City attorneys and representatives for Prevent Los Angelization Now!, or PLAN, however, argued Friday that, because San Diego has its own charter and election code, it is not bound by the new state law in the case of the proposed initiative.
"I'm inclined to agree with you," Milliken told Chief Deputy City Atty. Alan Sumption.
However, Milliken added that he sympathizes with the coalition of real estate consultants and economists trying to invalidate the nearly 83,000 signatures gathered by PLAN "about the public policy aspect" of their suit.
By that statement, Milliken implied that he concurs with opponents' contention that the state law requiring disclosure of paid circulators' activity better informs people about the nature of any initiative petitions they are asked to sign.
Nevertheless, Milliken emphasized that the debate over the advisability of such a requirement is "a political question . . . to be resolved by some legislative body," not a legal question to be settled by a court.
The central question facing him, Milliken noted, is whether city or state election laws prevail in regard to procedures governing the circulation of local initiative petitions. And it is on that pivotal point, Milliken said on several occasions during Friday's hearing, that he finds himself siding with PLAN and city attorneys.
However, Bob Ottilie, the opponents' attorney, argued that the initiative disclosure issue at the heart of the case is of statewide, not merely local, import. If Milliken accepts that premise, he could rule that the state law supersedes the local election provision, Ottilie said.
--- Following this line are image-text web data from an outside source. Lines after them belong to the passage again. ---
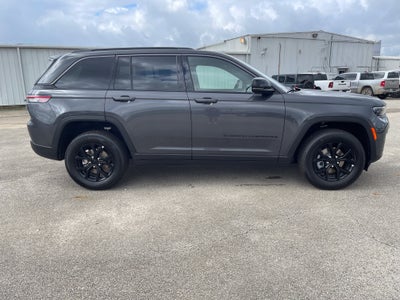 2026 Jeep Grand Cherokee Laredo Altitude
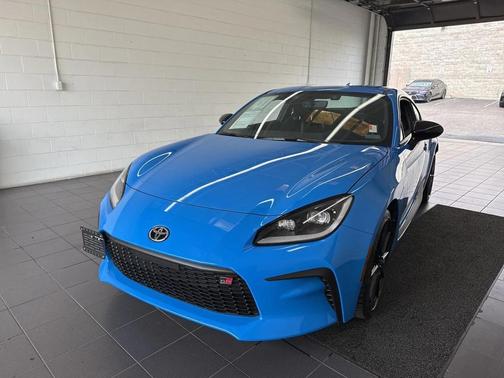 2024 Toyota GR86 Premium
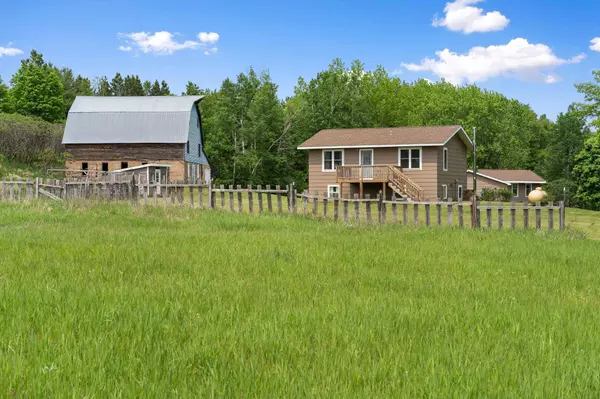 18400 Lundgren DR, Pine Lake Twp, MN 55735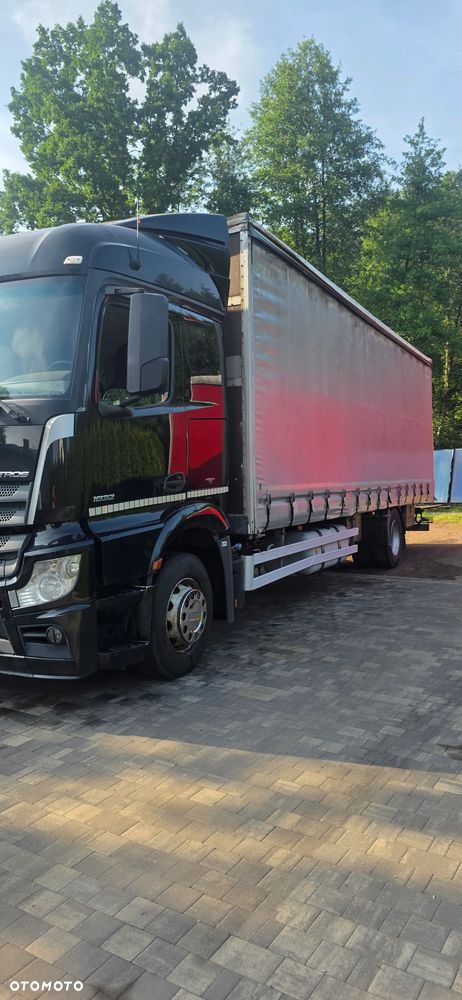 Mercedes-Benz Actros - 2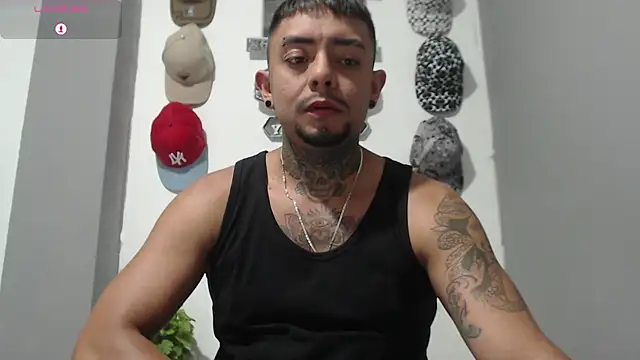 Snapshot of BASTIAN_NICOLAS_ chatting on February 10, 2026, 8:46 pm BASTIAN NICOLAS online show from February 10, 2026, 8:46 pm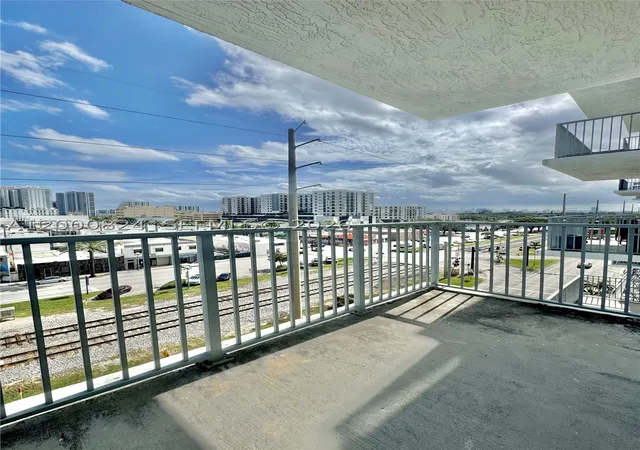 Homes for sale in Hollywood, FL | 140 S Dixie Hwy #513, Hollywood, FL 33020 | MLS# A12000824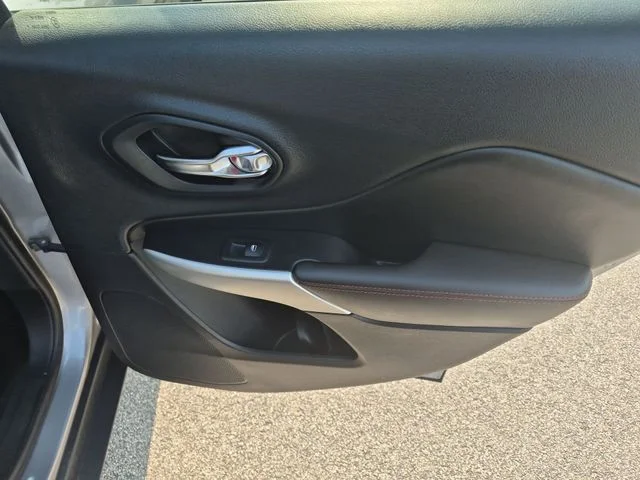 Used 2018 Silver Jeep Trailhawk image 31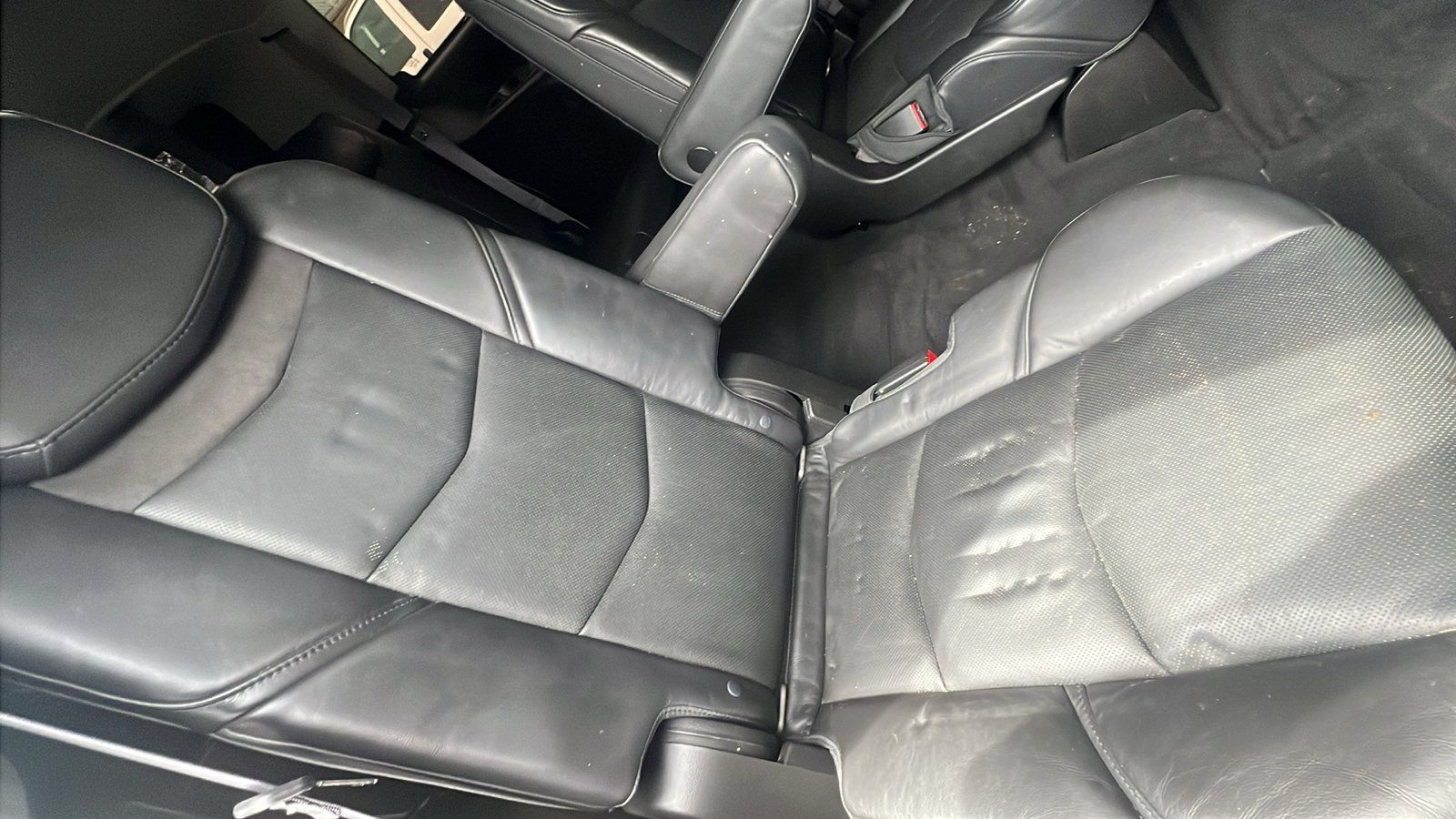 Used 2015 Cadillac Escalade Premium AWD/4WD image 19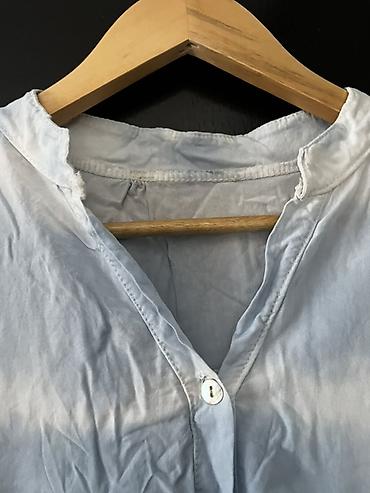 perlice: Ženska košulja/bluza sa tie-dye efektom u svetloplavim i belim — 3
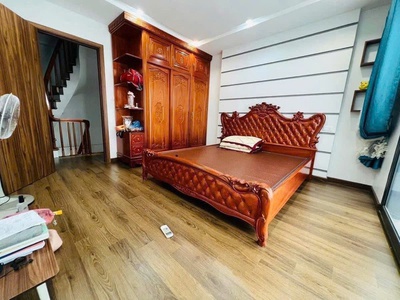 Nhà mới trung kính - ở ngay  - trung tâm cầu giấy dt 30m2 5 tầng mặt tiền 4.2m giá 9.1 tỷ 0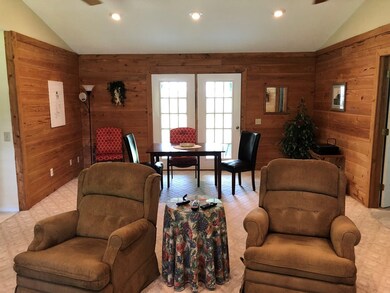 248 Edgewood Cir, Douglas, GA 31533 - photo 2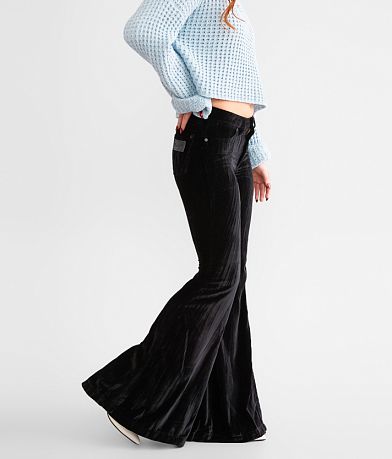 Wrangler&#174; Retro High Rise Velvet Trumpet Flare Pant full right side view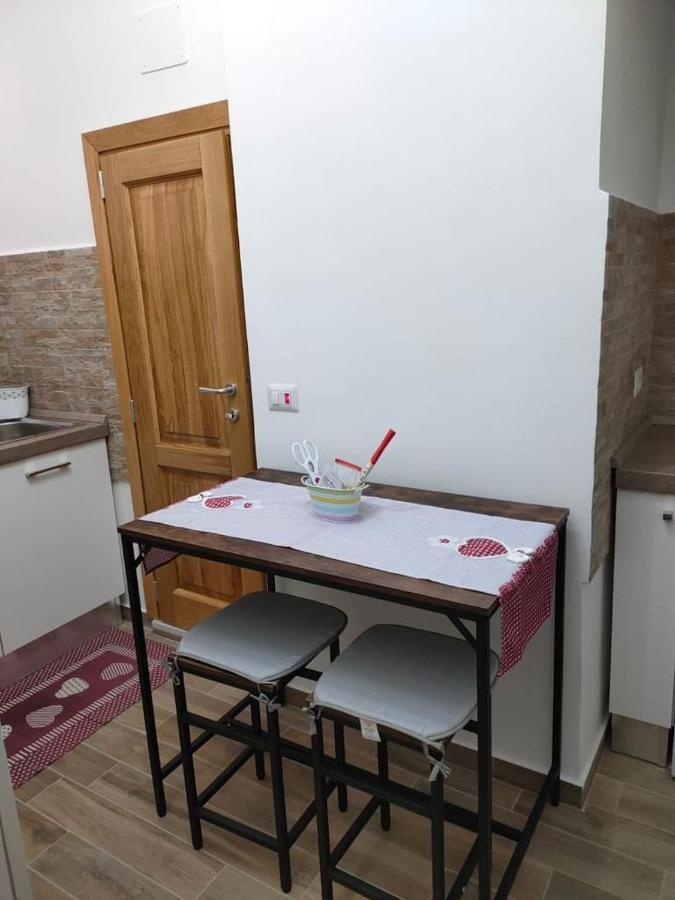 Ferienwohnung Mariposa Capodimonte Exterior foto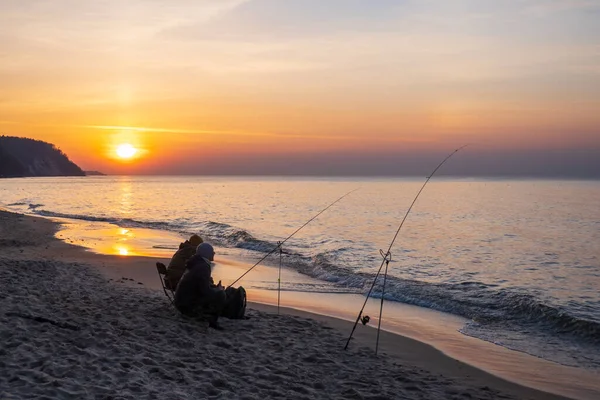 Onherkenbare vissers die vis vangen in zee — Stockfoto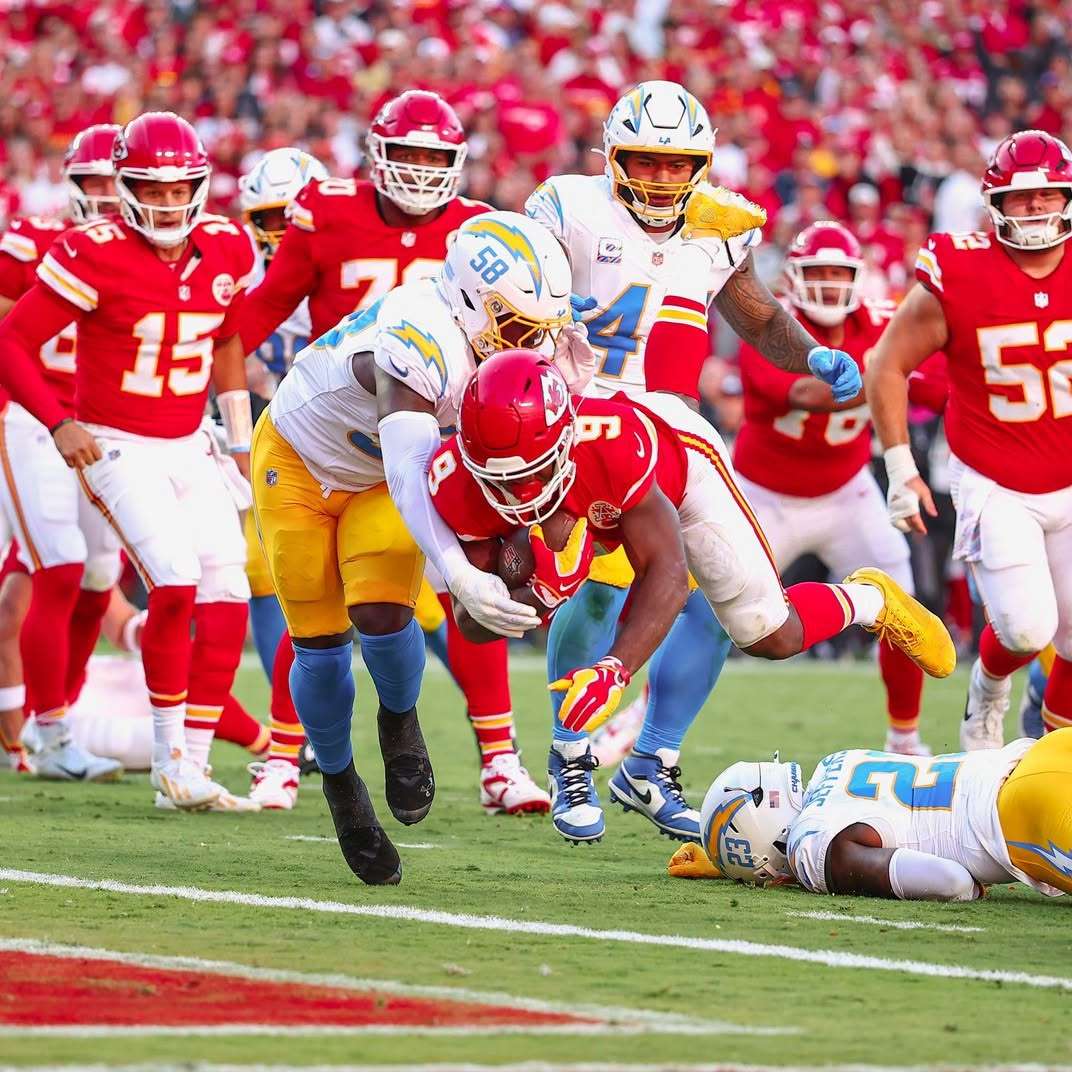 Kenneth Walker dives across the endzone for his second touchdown of the game. Walker rushed for 128 yards as the Kansas City Chiefs remained unbeated following their bye week, beating the Los Angeles Chargers 22-6/ Photo courtesy of the Kansas City Chiefs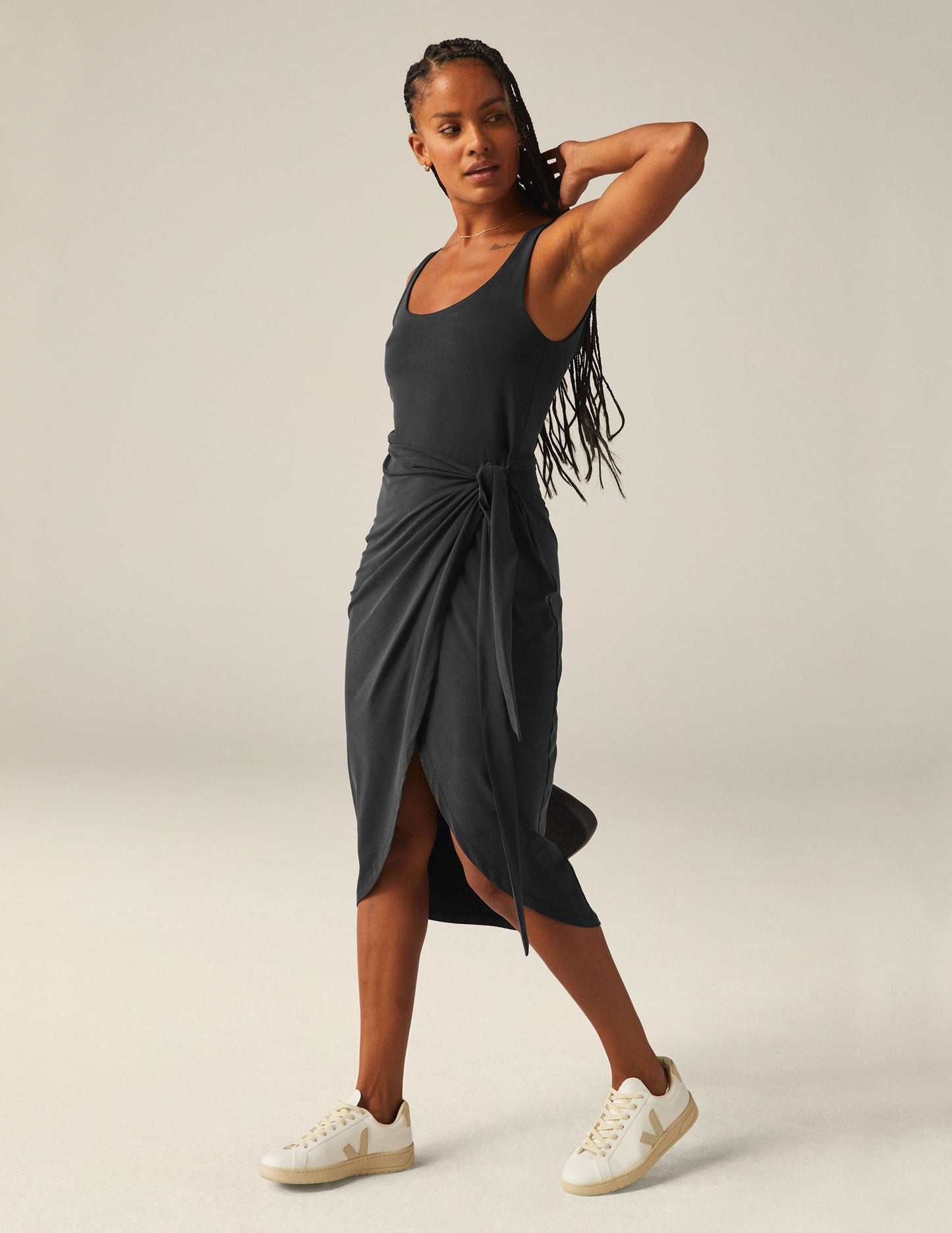 Chic Black Wrap Midi Dress with Scoop Neck and Adjustable Tie
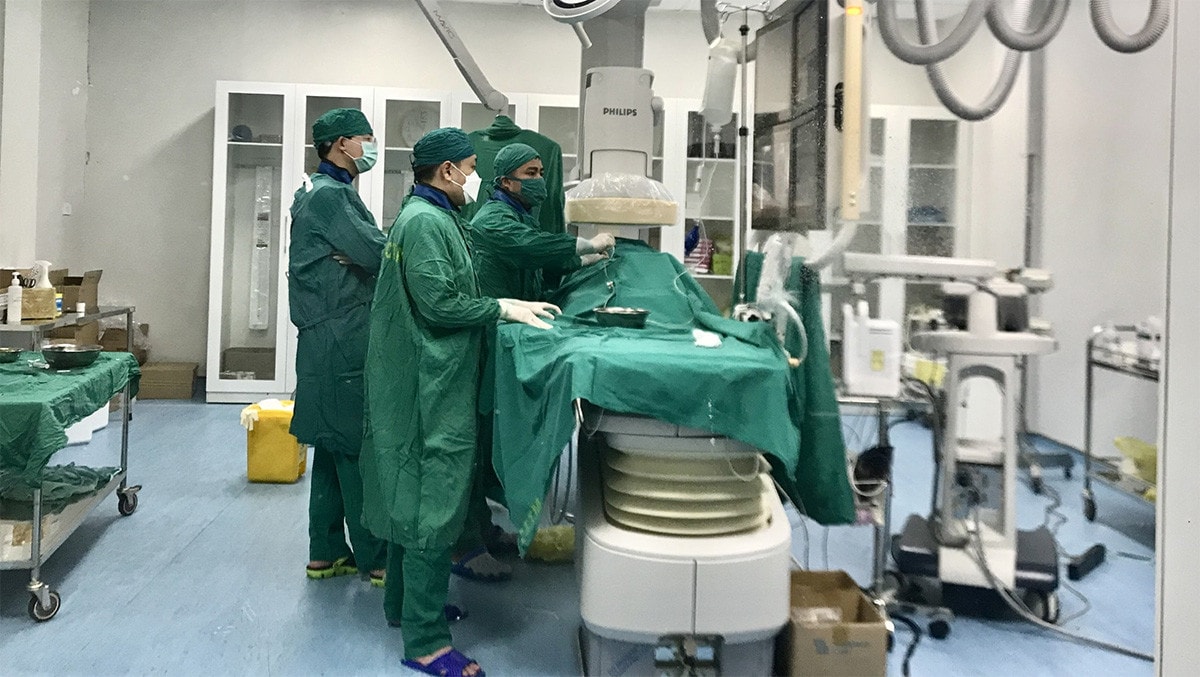 Bệnh viện Trung Ương Huế chuyển giao kỹ thuật điều trị bệnh nhân nhồi máu não cấp cho Bệnh viện Đa khoa Hà Tĩnh 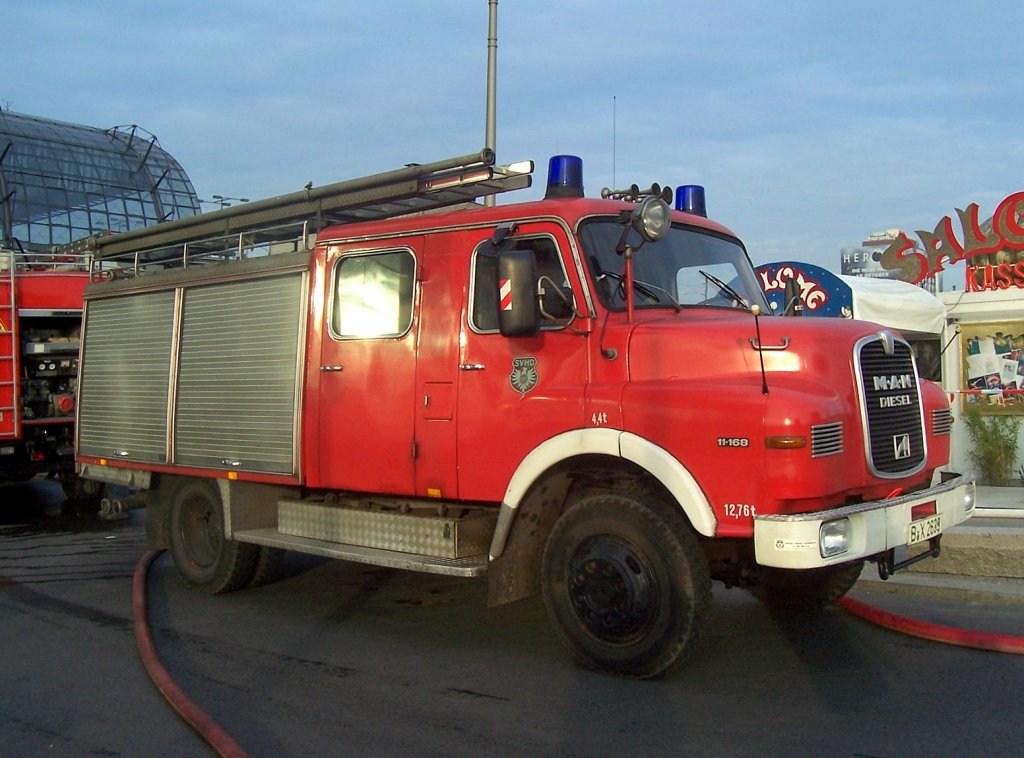 Bei Filmarbeiten auf dem Vorplatz des Berliner Hbf. war diser Feuerwehr Oldtimer, ein LHF?, ein MAN 11.168 des SVHD (Strassen-Verkehrs-Hilfsdienst e.V. aus Berlin) im Einsatz, Herbst 2009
Though Milliken gave no reason for not issuing a final ruling Friday--his written opinion could come as early as next week--Ottilie speculated after the hearing that the judge postponed his action to ponder that question.
"I don't think he would have (delayed a ruling) if he did not have some second thoughts," Ottilie said. PLAN attorney Mark Aaronson, however, characterized Ottilie's remark as little more than wishful thinking and an attempt to cast a hearing--at which he heard little else to be positive about--in the best possible light.
"I think the judge recognizes this is an important issue and simply wanted to spend some time to put together his thoughts," Aaronson said. "But he made it pretty clear how he sees this case."
Friday's hearing came two days after the San Diego County voter registrar's office estimated that nearly 81%, or about 67,000, of the 82,455 signatures turned in two weeks ago by PLAN were valid--more than enough to meet the 56,585-name requirement needed to qualify for the ballot.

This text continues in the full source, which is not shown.